We know that obesity is an epidemic. Most of us who do not have a normal-size body try everything we can think of to lose the excess weight. We lose a little, sometimes a lot, and put it back on, over and over and over again. We wonder, what is wrong with us? Why can we not exercise the willpower to lose the excess weight? We know the excess pounds not only affect our appearance but also lead to deadly diseases. Most of us have used willpower to succeed in careers and in other endeavors, but when it comes to controlling our eating, we cannot get anywhere. In fact, over the years we gain more and more weight.

When I retired from 37 years of teaching, I was desperate to lose the excess weight I had put on since I stopped jogging in my mid thirties. Over the years, I had become a lifetime member of Weight Watchers three times. I had tried every conceivable diet. Now I tried Weight Watchers again. It worked for others, why not for me? I did not know why, but it did not work for me.

Photo: Angel Boligan, Cagle Cartoons, El Universal, Mexico City

Then I tried behavior modification therapy based on controlling my heart beat. Lost a little, put it back on. I tried standard therapy — my daughter was getting married. I wanted to look good for the wedding and have her be proud of me. I lost a good part of my excess weight, but I started putting it right back on during the wedding weekend. I shared my frustration with people I knew, and finally, hearing me so exasperated, someone asked if I had ever tried Overeaters Anonymous? It had never occurred to me that a 12-step program might help me.

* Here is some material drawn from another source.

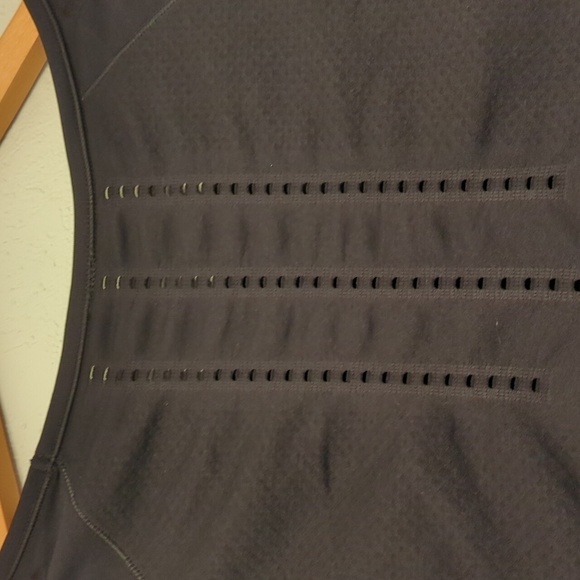 Athleta Perforated Long Sleeve Running Stretchy Athleasure Athletic tee Sz M - Picture 10 of 10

My view at the time, that alcoholics were people of poor character made me question whether a program to help alcoholics would help me. But I started attending meetings and eventually found a sponsor who took me through the 12 steps of the book Alcoholics Anonymous, lovingly called the Big Book by many who have recovered.

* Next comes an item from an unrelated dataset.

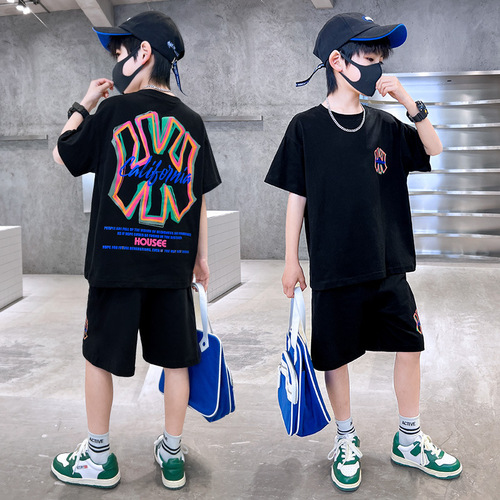 Children's Outfit Set for Boys: Middle Size, Trendy Summer Short-Sleeve T-Shirts, Sporty and Casual Two-Piece Set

OA is not a religious program, but it is a spiritual program. It works exactly the same way that AA works. The 12 steps brought serenity to my life. I took off my excess weight and have kept it off for four years. I am no longer fighting with the food, but I have to work the steps and stay spiritually fit. I look great and feel fabulous. I urge anyone who is suffering from this cunning and baffling disease to come to an OA meeting. I would love to meet you and work with you. Like AA, OA is free. Find a meeting at OA.org.